If I redo them, I'd probably have to redo all 8 connectors while wearing gloves because I guess in some way or another, all of them have been affected but the corrosion is just hiding behind the opaque white sleeves/ heat shrink.
For now I have used a marker to indicate where the corrosion stops and will monitor whether it gets worse and creeps further along the cable. Eventually I'll redo them but want to first enjoy some music for awhile. All work and no music makes Timothy a dull boy.
I'm basically done with dying and lacquering the cabinets. No garage for me so the lift lobby it is. Thankfully it's an open air lobby so there's ventilation (which also means there's wind. And dust. And bugs. And...)
Determining the right length for the internal speaker wires caused me some anxiety. I was worried if I cut as I go like in Danny's video
https://youtu.be/QT-GKorvjak?si=ESDg3RaSKYjLr5uR, I'd run out of wire. But if I cut what I had based on simply dividing what I had into 2 short, 2 medium and 2 long sections, that I'd find some sections were too short.
In the end what worked for me was:
- 200mm red wire from tube connector to cross over
- 500mm red wire from crossover to woofer
- 500mm red wire from crossover to tweeter
- 500mm white wire from crossover to woofer
- forgot to measure the white wire from tweeter to crossover to tube connector but there's definitely sufficient white wire for this. I referred to Danny's video to estimate the appropriate length.

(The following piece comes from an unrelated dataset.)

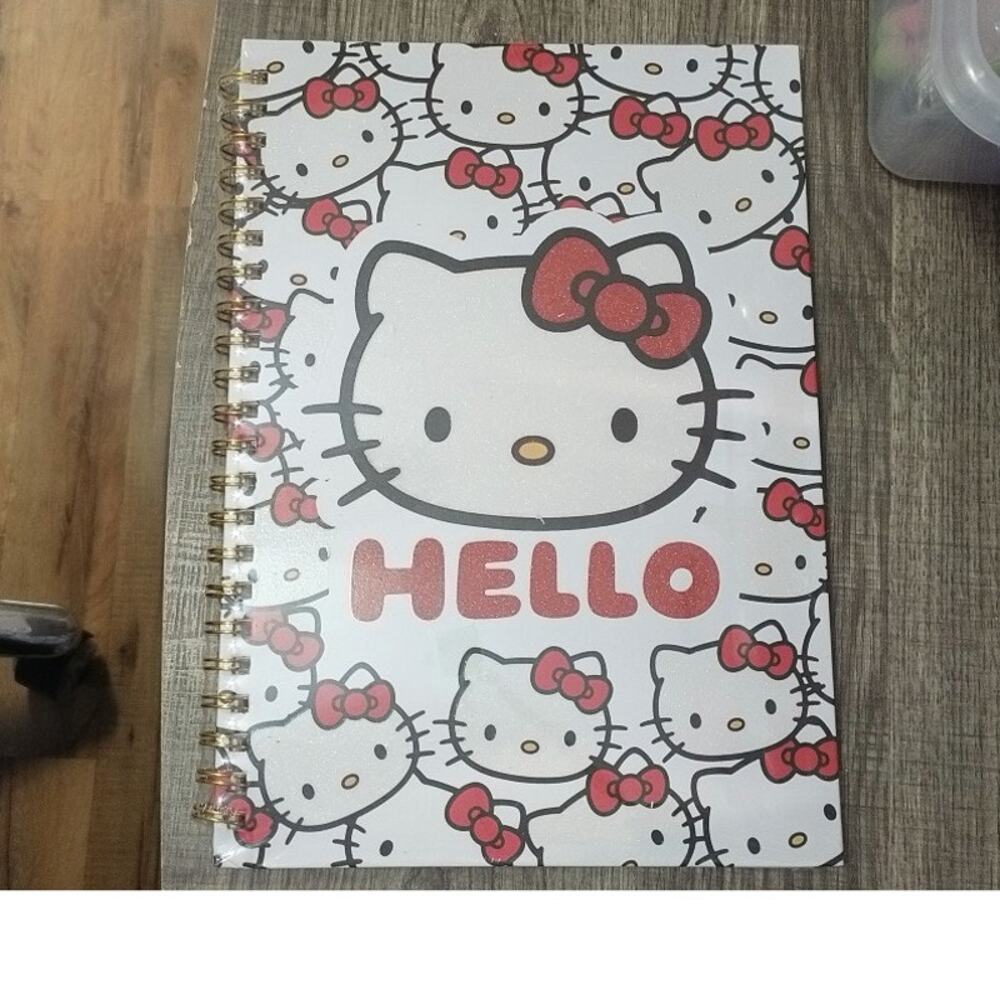 #7154 - 8.5x11" Hello Kitty Lined Spiral Bound Notebook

For heat shrink this is what I cut:
30mm 6 red and 3 white
45mm 2 white - for the joints between wire and crossover component
Soldered the crossovers together and confirmed that the lengths of wire would work. Think I could have done a better job with the foil inductors, but connectivity test using a DMM checked out so it should work even with the ugly joints.
Letting the lacquer dry for a few days before I polish it... and move on to final assembly!!!